The slides presented at SGML/XML Europe '98 have been augmented here to include some comments that were made to the audience but did not appear in the slides themselves. Source files for the two "proof of concept" examples have also been provided.
Note that the online version assumes a display with a resolution of 1024 x 768. The slides should be viewable on screens with lower resolution, but they won't look as good.
Extensible Markup Language
An activity of the World Wide Web Consortium (W3C) organized by Sun to put SGML on the World Wide Web
Will create new data-centric Web applications
Database exchange
Distribution of processing to clients
Client-side manipulation of views into the data
Customization of information by intelligent agents
Management of document collections
Will fundamentally change publishing on the web and then publishing in general
The XML specification was developed from 1996 through 1998 by a wide-ranging group of markup language experts from industry and academia.
Computer industry: Sun Microsystems, Hewlett-Packard, Microsoft, Netscape, Adobe, Fuji Xerox
SGML vendors and system integrators: ArborText, Inso, SoftQuad, Grif, Isogen, Texcel
Academic and research community: Text Encoding Initiative (TEI), NCSA, James Clark
Early adopters: DataChannel, Vignette
Recent additions (after XML 1.0): IBM, Oracle, Omnimark
SGML and XML specify the content and structure of a document in a way that allows particular presentations to be generated as needed.
(These are links in the online version.)
The
The optional
The
The
The
Separating content and structure from presentation and behavior makes possible
Reusable information
Media-independent publishing
One-on-one marketing
Intelligent downstream document processing
Large-scale information management
The XML family of languages is being created by adapting existing international publishing standards for use on the Web.
XML (Extensible Markup Language): A subset of SGML (ISO 8879) designed for easy implementation
XLL (Extensible Linking Language): A set of standard hypertext mechanisms based on HyTime (ISO/IEC 10744) and the Text Encoding Initiative (TEI)
XSL (Extensible Stylesheet Language): A standard stylesheet language for structured information formed by subsetting DSSSL (ISO/IEC 10179), designing an alternative syntax, and incorporating key CSS concepts
A simplified subset of SGML (ISO 8879)
Very powerful
No limits on namespace or structural depth
Easy to implement
Small enough for Web browsers
Internationalized from the beginning
Unicode for both content and markup (can mix languages)
XML tools must support both UTF-8 and UTF-16 and can support other encodings
Not a language but a metalanguage
Designed to support the definition of an unlimited number of vertical-market languages for specific industries
"Write once, parse anywhere"
XML allows industries to design specific tag languages to solve specific problems.
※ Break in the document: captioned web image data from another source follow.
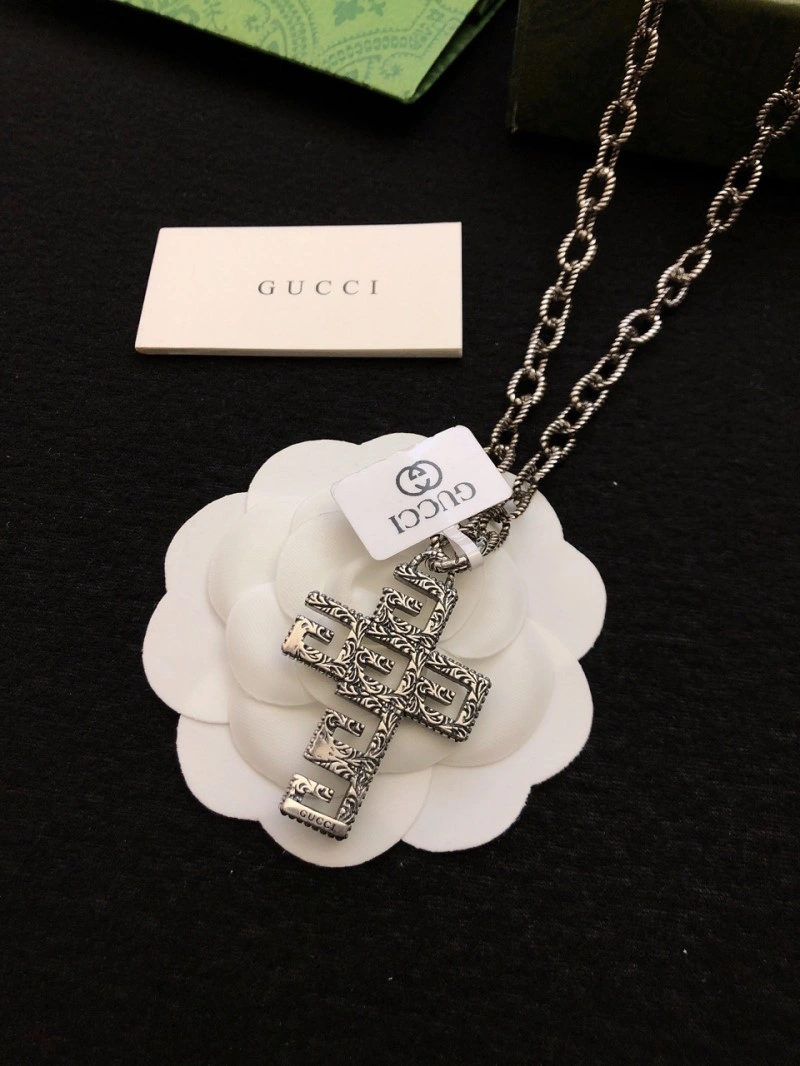 Comfortable Gucci Necklaces 242895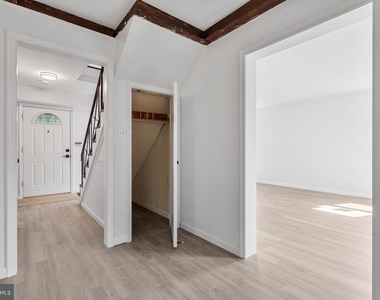 8 Holton Lane - Photo Thumbnail 15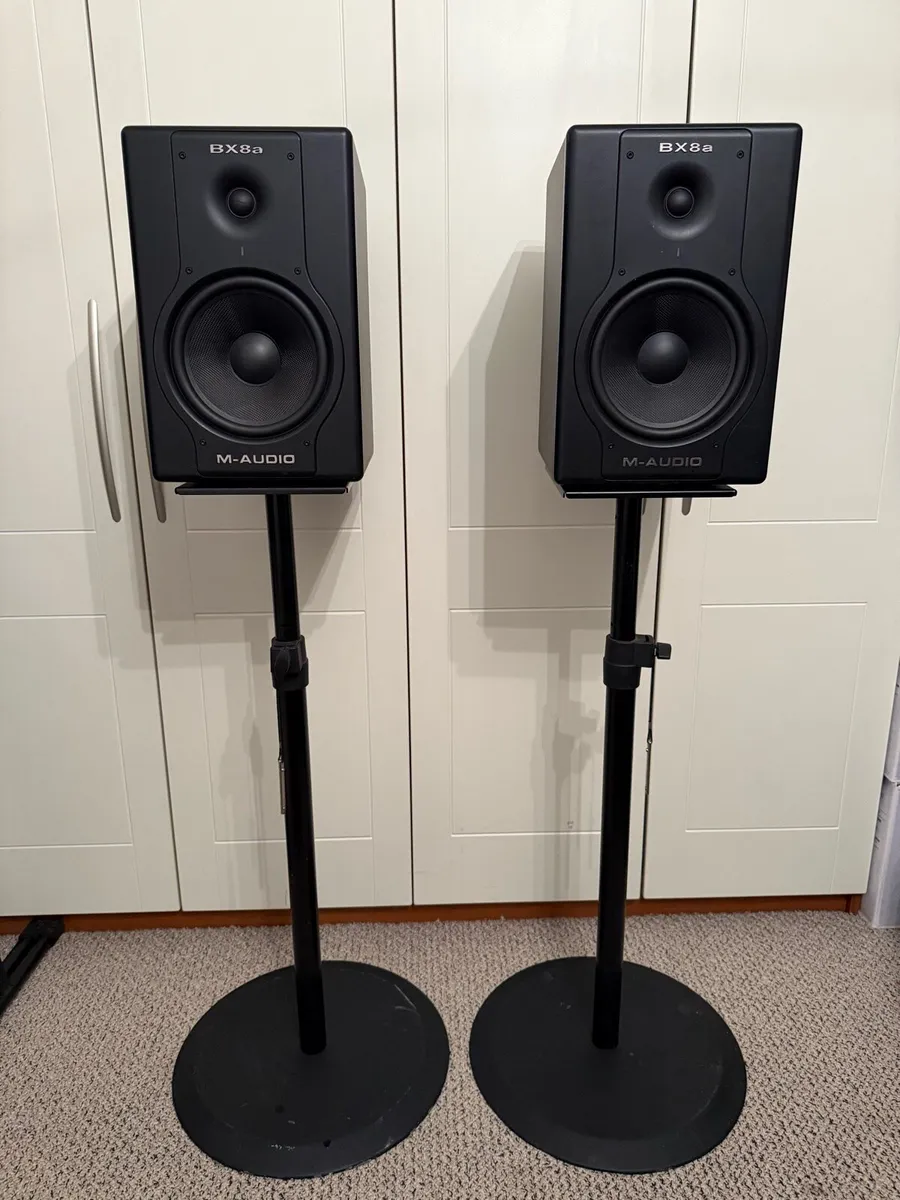 M-audio BX8a deluxe speakers with stands - Image 1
Early examples:
Chemical Markup Language (CML)
Channel Definition Format (CDF)
Open Financial Exchange (OFX)
Handheld Device Markup Language (HDML)
Resource Description Framework (RDF)
Mathematics Markup Language (MathML)
Precision Graphics Markup Language (PGML)
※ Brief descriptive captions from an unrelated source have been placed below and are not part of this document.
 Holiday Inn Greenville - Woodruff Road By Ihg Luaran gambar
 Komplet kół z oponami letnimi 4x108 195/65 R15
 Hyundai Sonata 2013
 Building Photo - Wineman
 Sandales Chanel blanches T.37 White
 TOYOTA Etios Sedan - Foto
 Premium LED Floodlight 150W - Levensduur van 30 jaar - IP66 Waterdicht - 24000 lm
The advantage for implementors is that an unlimited number of domain-specific tag languages can all be processed by a single parser built into every Web browser.
"Syntax, not semantics"
Tags have no predefined meaning
XML by itself conveys only content and structure, not presentation or behavior
There are important applications for XML alone: interprocess communication, object serialization, metadata, database exchange
But associating presentation or behavior with XML requires additional mechanisms
Downloadable programs, applets, or scripts designed for a specific tag set (grammar)
Tag-sensitive components (e.g., Java beans)
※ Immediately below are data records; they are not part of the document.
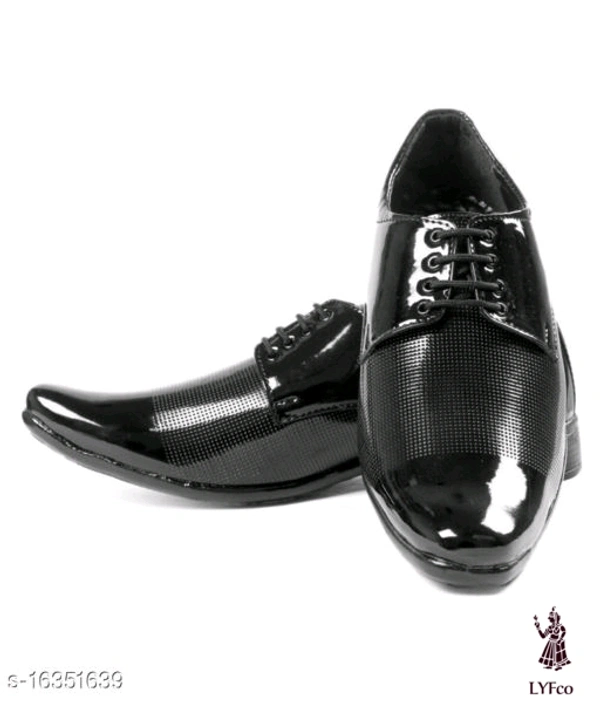 Catalog Name:*Modern Trendy Men Formal Shoes*Material: Syntethic LeatherSole Material: RubberFastening & Back Detail: Lace-UpPattern: SolidMultipack: 1 - 10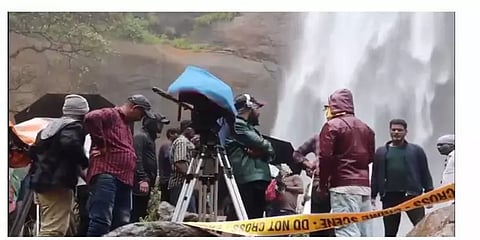 முதன்முறையாக கொல்லிமலை ஆகாய கங்கை அருவியில் நடக்கும் பா.விஜய் - பிரபுதேவா படப்பிடிப்பு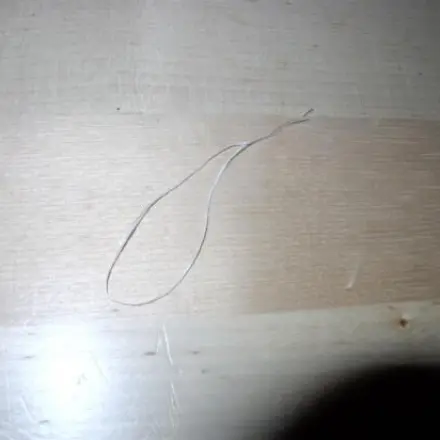 Dicken Faden leicht einfädeln: Mit Zahnseide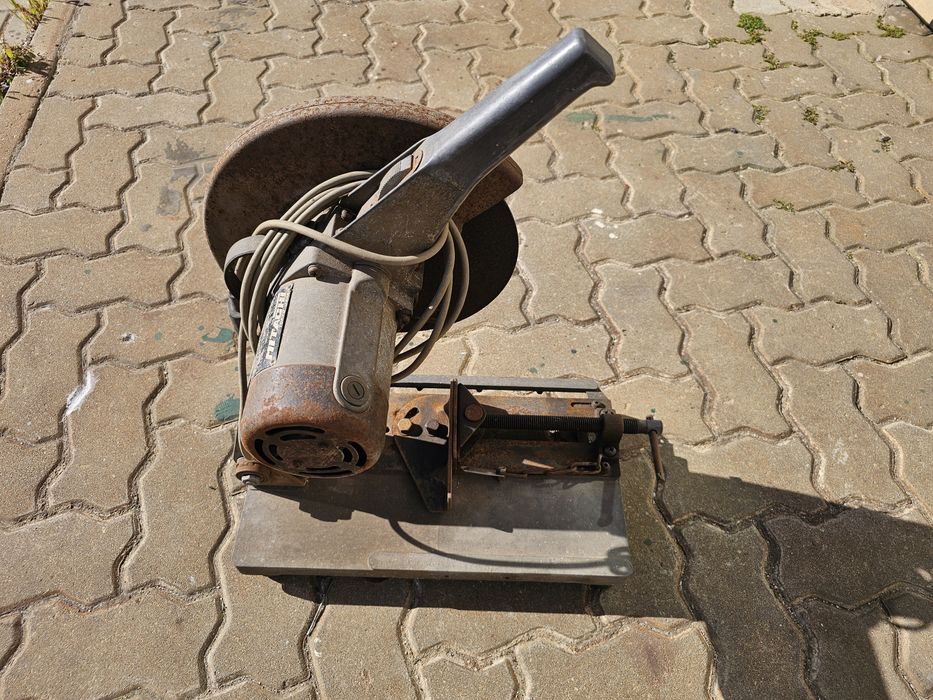 Máquina de corte Mitachi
Industry agreements on the processing of specific grammars (example of the concept: HTML)
Stylesheets (XSL or CSS)
Data exchange
Data intended for consumption by machine
Publishing
Data intended for consumption by humans
What more needs to be done for data exchange?
XML schemas
Standard grammars (schemas and namespaces)
Enhanced linking
Enhancements to existing DTD functionality
Data typing
Inheritance
The need for these features has been known for years
The XML-Data submission is an interesting start but far from cooked yet
Open questions:
Use instance syntax or extend existing DTD syntax?
Base on RDF?
The XML WG has asked to have this item placed on its list of work so that these issues can be sorted out
Doing a good job with schemas will take a while!
This is another old idea (standard DTDs)
Now namespaces (vocabularies) need to be standardized, too
Big question: are these standards controlled by user communities or by platform vendors?
Need distributed registries beyond platform vendor control
Vertical industry consortia
Entrepreneurs
Neutral third parties (e.g.,
Doesn't get much publicity but has important implications
Allows new ways of associating information
Promotes the creation of advanced information structures and site management
Makes possible an industry devoted to knowledge management
Will ultimately be as important as XML itself
Keep your eye on the XLL work (XLink and XPointer)
XML is not just about exchanging data between machines
It's also about communication between humans
XML is not just about the web
It's about information in general
XML is not just about technology
It's also about the relationship between content creators and software vendors
Large-scale cross-platform Web publishing demands that XML deliver on the display-oriented promises:
User-configurable views
More powerful display-centric client-side applications
Media-independent publishing
In particular, printed and online deliverables from the same source
Asian-language rendering support
XSL is intended to complete the internationalized media-independent publishing story.
(These are links in the online version.)
The
The
The
The
The
The
The catalog example shows that the distinction between data exchange and publishing is ultimately an artificial one (the same source would also be used to create the printed catalog)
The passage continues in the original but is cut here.